Ingredients: simple, total time: 40 min. standing meat 1 day in fridge, 60 Kebabs
1.8 kg gr. minced beef meat
300 g minced meat of pork or mutton
2 teaspoons pepper
4 teaspoon salt
4 cloves of garlic / finally chopped
2 small head of onion/ finely chopped
2 tsp of baking powder
2 Tbsp of mineral water
3 Tablespoon of flour
and
3-4 Tbsp of vegetable oil for hands
Preparation:
First, prepare all the ingredients listed above.
Mince the meat 4 times at the butcher or on a machine at home.
Take a deep dish and put the first meat and add all the spices, from ingredients in description.
Put on nylon gloves and mix the meat well, the ingredients should be well combined, mix for about 20 – 30 minutes.
When the mixture has become well compacted. Cover the bowl and place in the refrigerator. Mix the mixture again every 3 hours, and let it stand overnight.
The next day, take a bowl with the meat mixture and start shaping kebabs.
Put some oil on your hands, make a small ball of meat and roll it back and forth through your palms and there you have it. Kebabs must be 5 cm long and about 2-2.5 cm thick. It is important that the meat is cold, that is, that it does not stand for a long time at room temperature, which means you work quickly or have someone help you.
When you have finished shaping the kebabs, put them in the fridge to rest for 20 minutes. You can definitely bake them right away, but it's better if they stand before baking.
In the home version, the best choice is a grill pan that does not need to be oiled, and if it is a classic pan, oil it a little and fry the meat at a medium temperature or slightly higher. Turn them every 2 minutes on all four sides, which is a total of 8 minutes of cooking, but again it depends on the thickness of the kebabs.
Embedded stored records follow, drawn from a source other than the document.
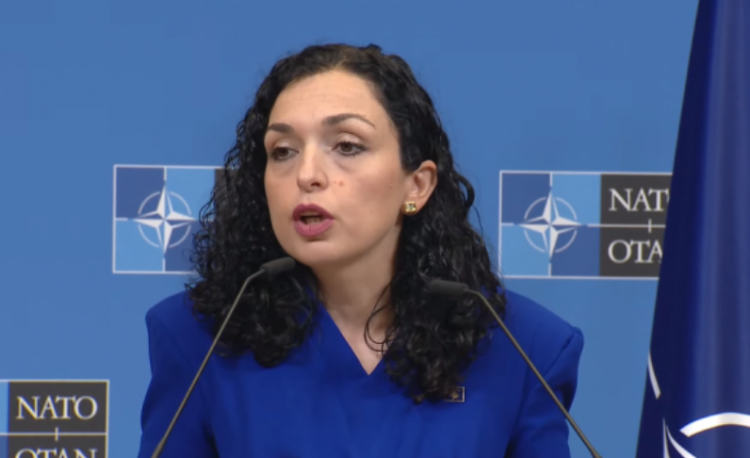 Bisedimet Kosovë-Serbi/Osmani mesazh BE:Shpresat tona janë të ketë një qasje të balancuar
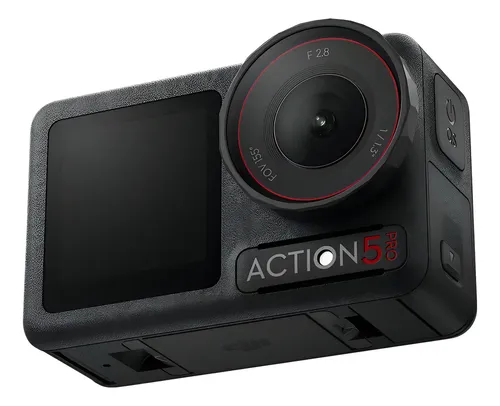 DJI Osmo Action 5 Pro 本体 Standard Combo Câmera Osmo Action 5 Pro Standard Combo Dji | MercadoLivre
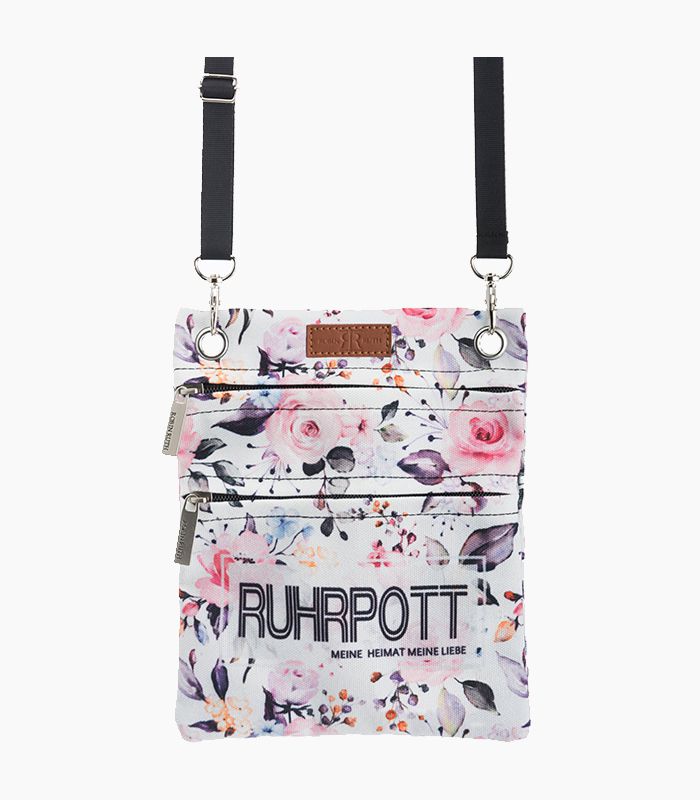 Ruhrpott Passport bag - Robin Ruth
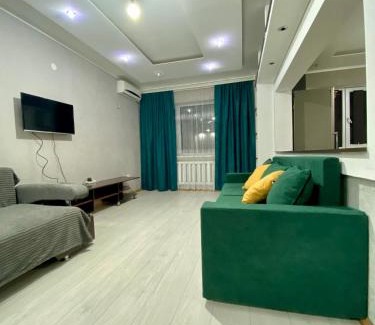 Balkhash Apartamento | 2-комнатная Комфорт ФОК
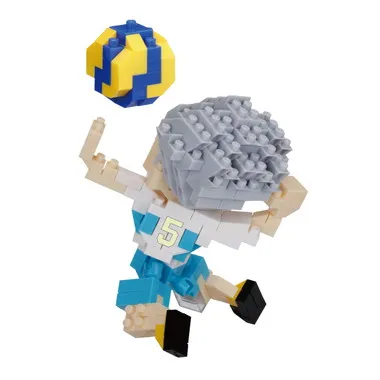 NBCC_262 ナノブロック 「ハイキュー!!」 星海光来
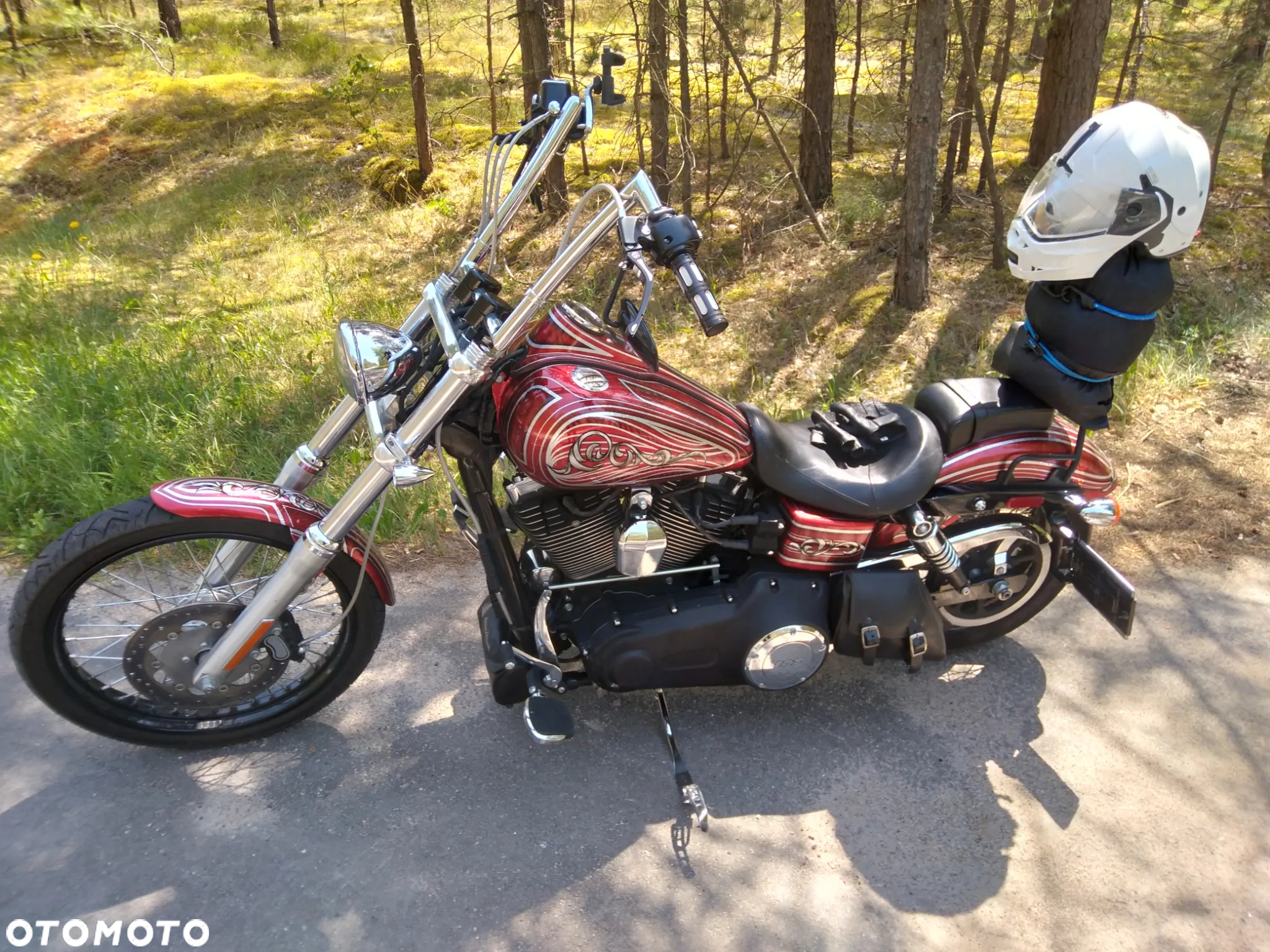 Harley-Davidson Dyna Wide Glide - 5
When the kebabs are ready, serve them warm with a mixed salad (tomato and onion), French fries and bread.
Buon appetito!
NOTE : What is important in this recipe I have to mention: grind the meat 4 times, the more you grind the meat, the tastier and juicier the meat will be! At the butchers, choose cuts of meat that are slightly fattier (marred), such as neck and shoulder. You can also use the thigh, but you should add a little fat to it so that the meat is not dry or lean. When it comes to the type of meat, a combination of two types is best, for example: for 1 kg of meat, mix 700 – 800 g of beef with 200 – 300 g of mutton, pork, or lamb – he states and adds that for 60 kebabs you need about 2 kg of meat. The meat mixture you have made must be kept in the refrigerator for at least 1 day, taking it out from time to time and stirring it again. The longer it stays in the fridge, it will pick up all the smells of the ingredients, and it will be tastier. It is important to cover the meat with foil, or even better if you have a deep bowl with a lid so that the smell of the meat does not spread further. Of course, it can also be used immediately, with the fact that the meat will be more tender and softer (gooier), which will make it more difficult to prepare the kebab itself. With this mixture, you can also make Serbian hamburgers, some people like them filled with cream, and they are called gourmet patties, or regular patties. Sizes up to 8-9 cm.